Si l'affectation caractérise le jeu souvent référencé, parfois irritant, de Louis Garrel, le terme ne déparera pas, pour ses détracteurs, avec son cinéma. Noir et blanc, décrochages, voix off du cinéaste en narrateur un brin ironique (une trace d'Ophuls ?), typo atypique du générique, sophistication pop (“What Difference Does it Make” des Smiths rythmant une course et un travelling nocturnes évoquant Carax), on pourrait envisager Petit tailleur comme un film poseur. On préférera, nous, y voir s'affirmer timidement une personnalité d'apprenti cinéaste conscient de ne pas en avoir fini avec ses influences.

Alors que les errements sentimentaux que racontent les deux films de Louis Garrel sembleraient d'emblée convoquer le réalisme le plus frontal, leur forme – doucement maniérée – tient pourtant l'émotion à distance. Cette pudeur frustre forcément tant on devine qu'il s'en faudrait de peu pour que le film vibre et nous étreigne durablement.

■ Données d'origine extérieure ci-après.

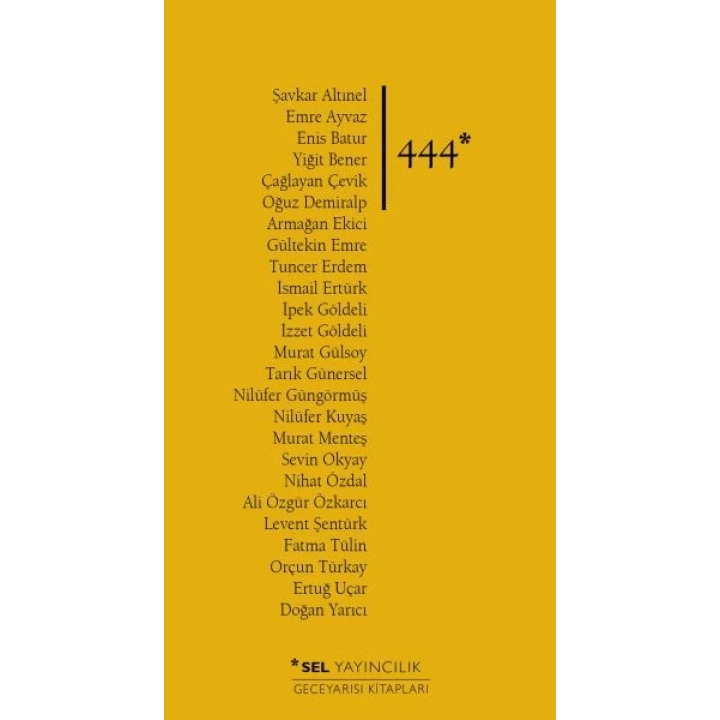 444 - Geceyarısı Kitapları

Ce décalage, cette retenue sont manifestes (Mes copains était sans doute, dans son filmage, plus insouciant, moins appliqué), presque involontairement signifiés par la structure du film : deux récits qui s'opposent et se complètent. D'un côté – film arty sur des jeunes bohèmes – l'histoire d'amour naissante entre Arthur, apprenti tailleur se demandant où va sa vie, et Marie-Julie, comédienne de théâtre à la carrière prometteuse ; de l'autre – sur un mode quasi-documentaire – l'histoire d'Arthur avec Albert, le vieux tailleur dont il doit reprendre l'affaire. Ces séquences-là (scènes de travail, dialogue des générations), Garrel les réussit parfaitement, trouvant précisément comment filmer le vieil homme, jamais esclave de sa gouaille et de son incroyable photogénie. Le film oublie alors son programme d'élégance, capte quelque chose de la vraie vie et touche profondément, à l'unisson d'une ultime réplique mémorable du vieux tailleur : “Ah ! C'est pas à moi qu'il faut offrir des fleurs.

Stéphane Kahn

Article paru dans Bref n° 94, 2010. 

Réalisation et scénario : Louis Garrel. Image : Léo Hinstin. Montage : Marie-Julie Maille. Son : Philippe Deschamps, Boris Chapelle et Mélissa Petitjean. Musique originale : Grégoire Hetzel. Interprétation : Arthur Igual, Léa Seydoux, Grand Albert, Lolita Chammah et Sylvain Creuzevault. Production : Mezzanine Films.